Whole Numbers
Whole Numbers & Their Properties
Whole numbers are 0, 1, 2, 3, … The smallest whole number is 0 and there is no largest. Natural numbers start from 1.
Key properties: addition and multiplication are commutative (a + b = b + a) and associative, and multiplication is distributive over addition: a × (b + c) = a × b + a × c.
Example 1: Which property does 7 + 5 = 5 + 7 show?
The commutative property of addition.
Example 2: Use the distributive property: 4 × (10 + 2).
4 × 10 + 4 × 2 = 40 + 8 = 48.
Quick recap
- Whole numbers: 0, 1, 2, 3, … (smallest is 0).

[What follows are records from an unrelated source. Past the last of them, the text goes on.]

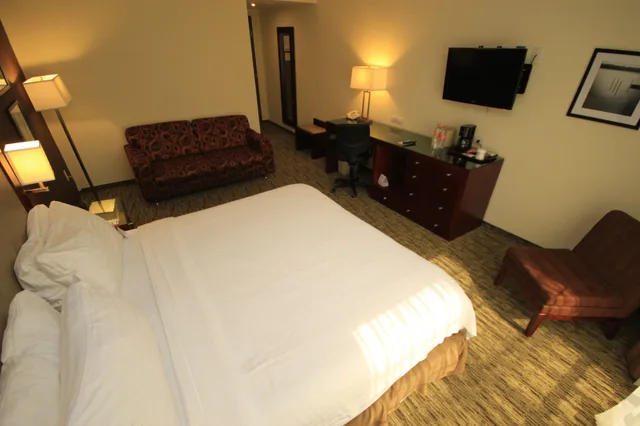 غرفة قياسية بسرير كينج، Holiday Inn Leon 7/10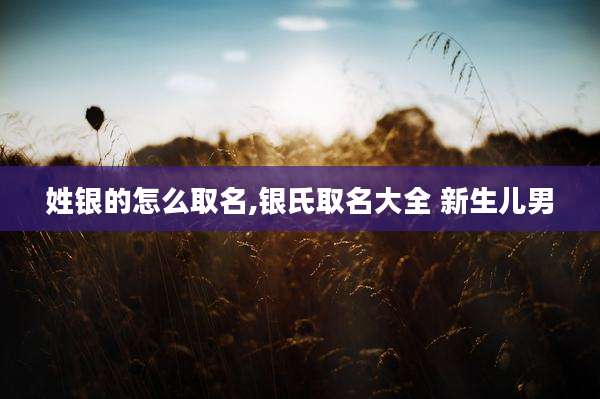 姓银的怎么取名,银氏取名大全 新生儿男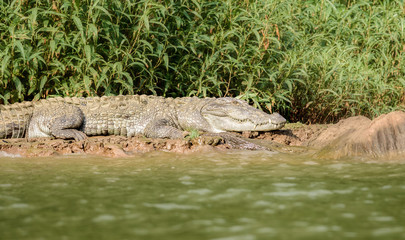 Mugger crocodile, Crocodylus palustris, in the sun,Mahanadi river bank inside Satkosia Tiger Reserve, copy space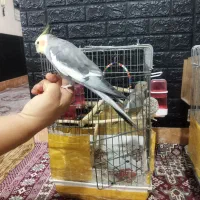 دو جفت عروس هلندی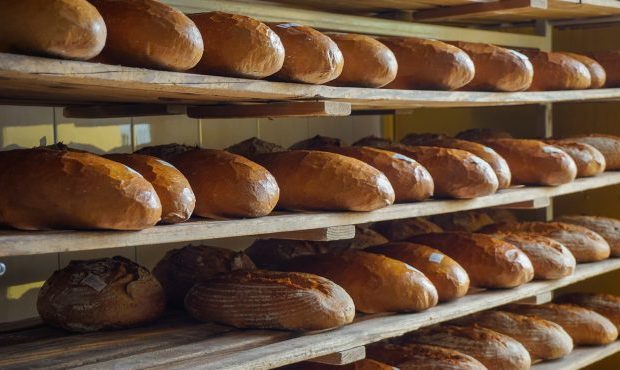 ФДМУ виставив на продаж комбінат хлібопродуктів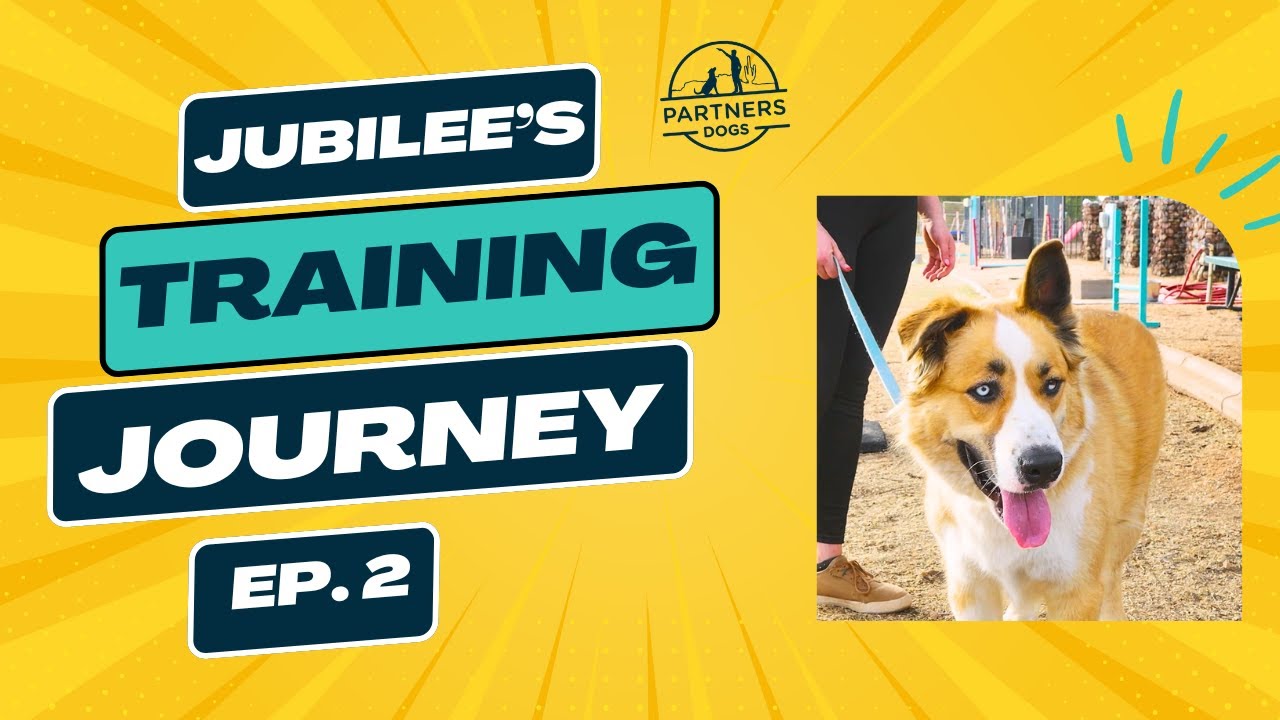 Jubilee: Episode 2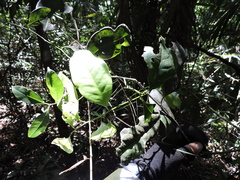 Cryptocarya aschersoniana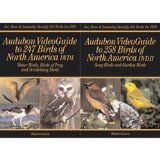 cover of Audubon VideoGuide to 505 Birds of North America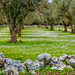 Olive grove near Santa Cesarea Terme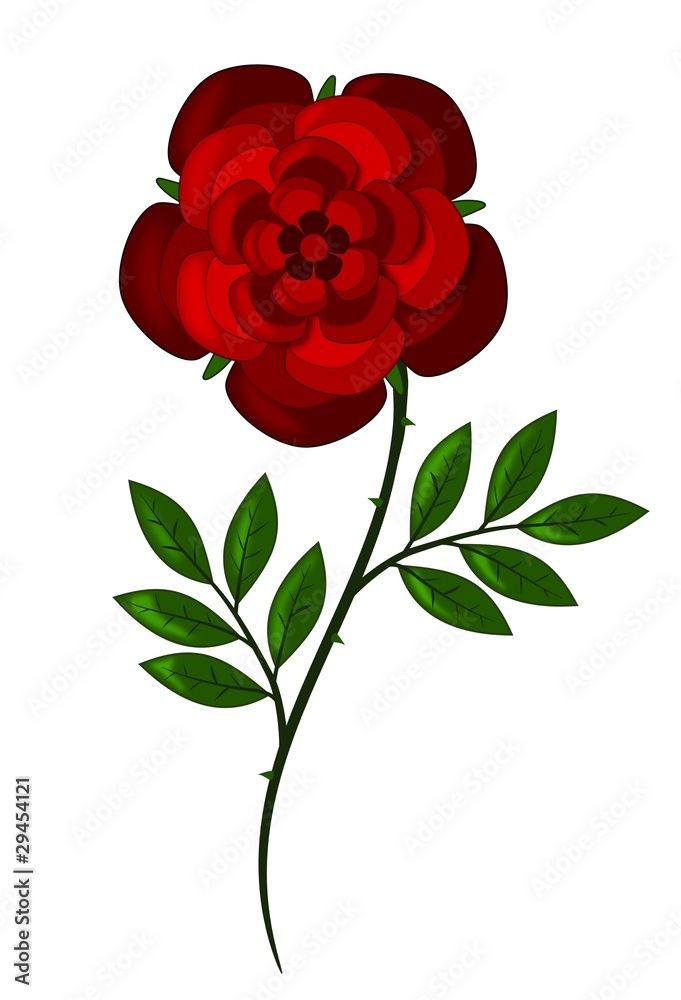 Fototapeta premium Red rose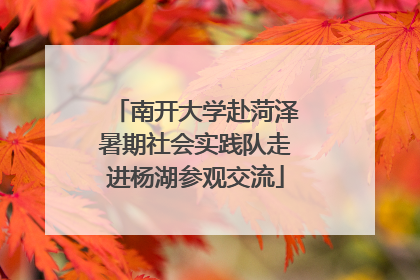 南开大学赴菏泽暑期社会实践队走进杨湖参观交流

- Commutative: a + b = b + a; distributive: a × (b + c) = a×b + a×c.
✓ Quick check
What is the smallest whole number?
The smallest whole number is 0.
Using the distributive property, 6 × (5 + 2) = ?
6 × 5 + 6 × 2 = 30 + 12 = 42.
The Number Line & Successor/Predecessor
Whole numbers can be shown on a number line. Moving right adds and moving left subtracts. The successor of a number is one more; the predecessor is one less.
0 is the only whole number with no predecessor (in whole numbers).
Example 1: What is the successor of 99?
99 + 1 = 100.
Example 2: On a number line, where does 3 + 4 land?
Start at 3 and move 4 right to reach 7.
Quick recap
- Successor = number + 1; predecessor = number − 1.
- 0 has no predecessor among whole numbers.
✓ Quick check
What is the predecessor of 1000?
1000 − 1 = 999.
Which whole number has no predecessor?
0 is the smallest whole number, so it has no predecessor.
Patterns, Brackets & Simplifying
When simplifying, do the work inside brackets first, then multiplication and division, then addition and subtraction (the BODMAS order).
So 2 + 3 × 4 = 2 + 12 = 14, and 12 − (3 + 4) = 12 − 7 = 5.
Example 1: Simplify 12 − (3 + 4).
Brackets first: 12 − 7 = 5.
Example 2: Simplify 2 + 3 × 4.
Multiply first: 2 + 12 = 14.
Quick recap
- Do brackets first, then × and ÷, then + and −.
- This order is called BODMAS.
✓ Quick check
Simplify: 20 − (5 × 2) = ?
5 × 2 = 10, so 20 − 10 = 10.
Simplify: (8 + 2) × 3 = ?
Brackets first: 10 × 3 = 30.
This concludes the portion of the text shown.